Assignment — Using the listing below, please print exactly the lines from the one with "Meet your Posher, Deandre" through the one with "Building Photo - 408 Langhorne Bnd". Leave out every picture.

Records provided —
[Start of section]

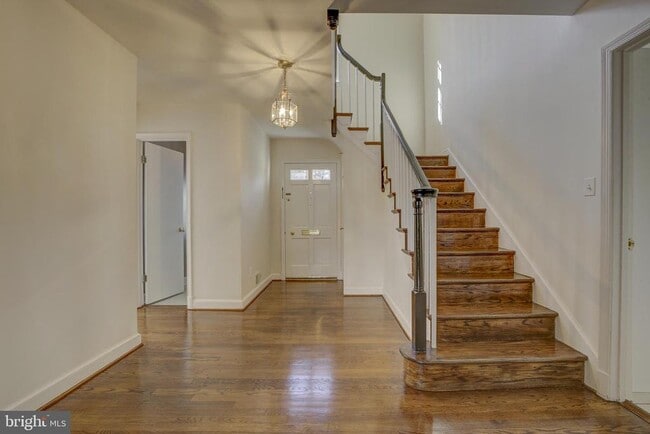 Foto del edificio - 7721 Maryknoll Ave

[End of section]
[Start of section]

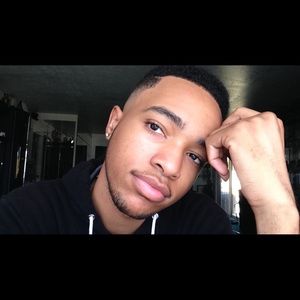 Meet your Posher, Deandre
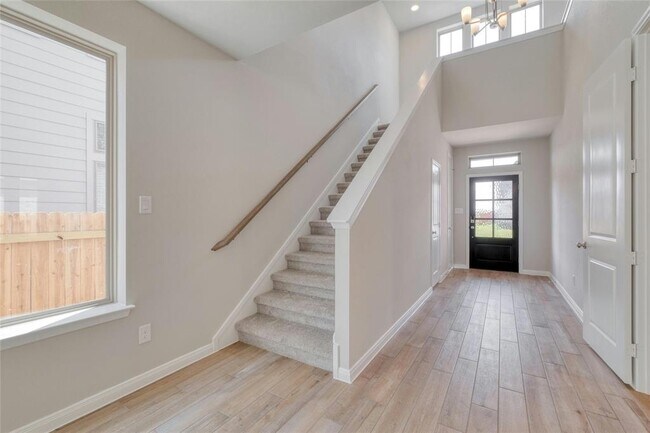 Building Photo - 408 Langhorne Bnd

[End of section]
[Start of section]

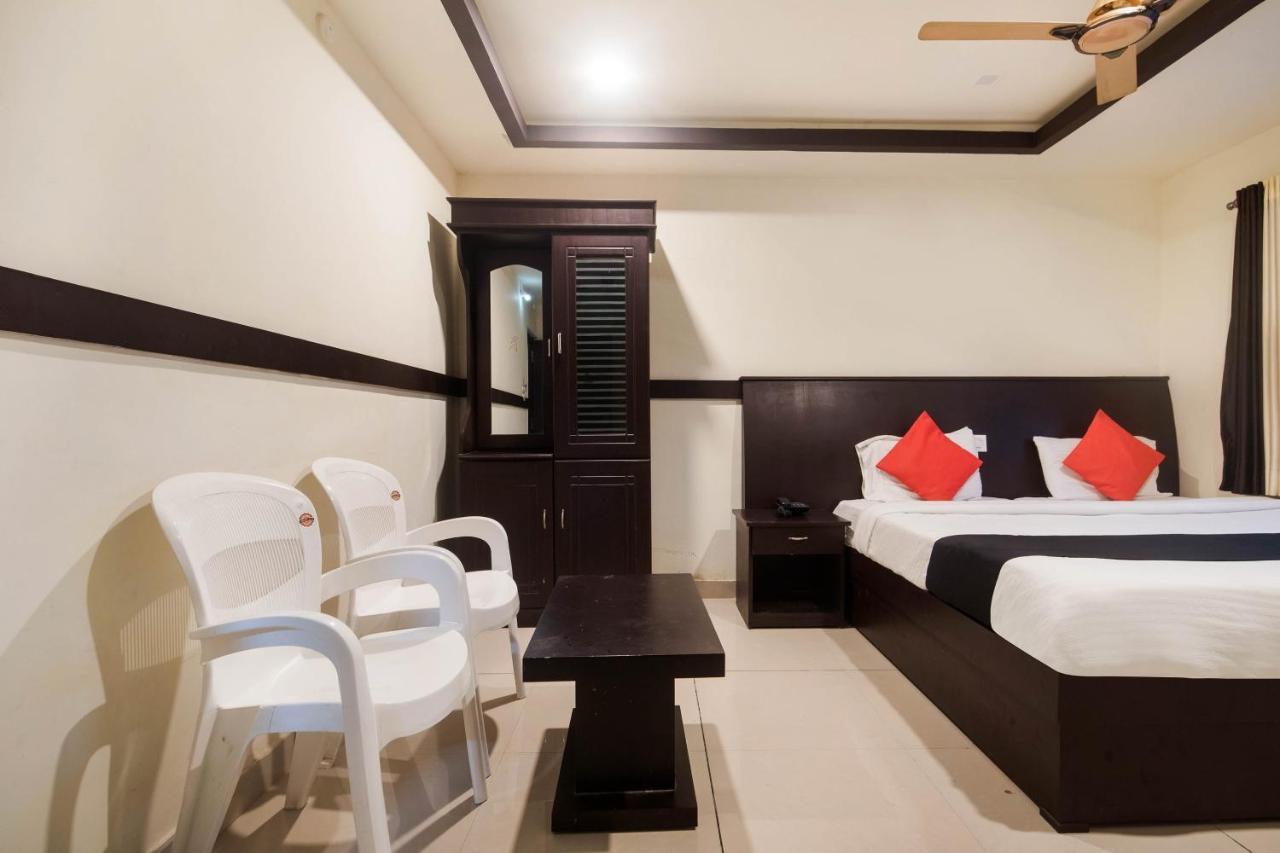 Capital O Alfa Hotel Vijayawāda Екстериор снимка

[End of section]

Your response —
 Meet your Posher, Deandre
 Building Photo - 408 Langhorne Bnd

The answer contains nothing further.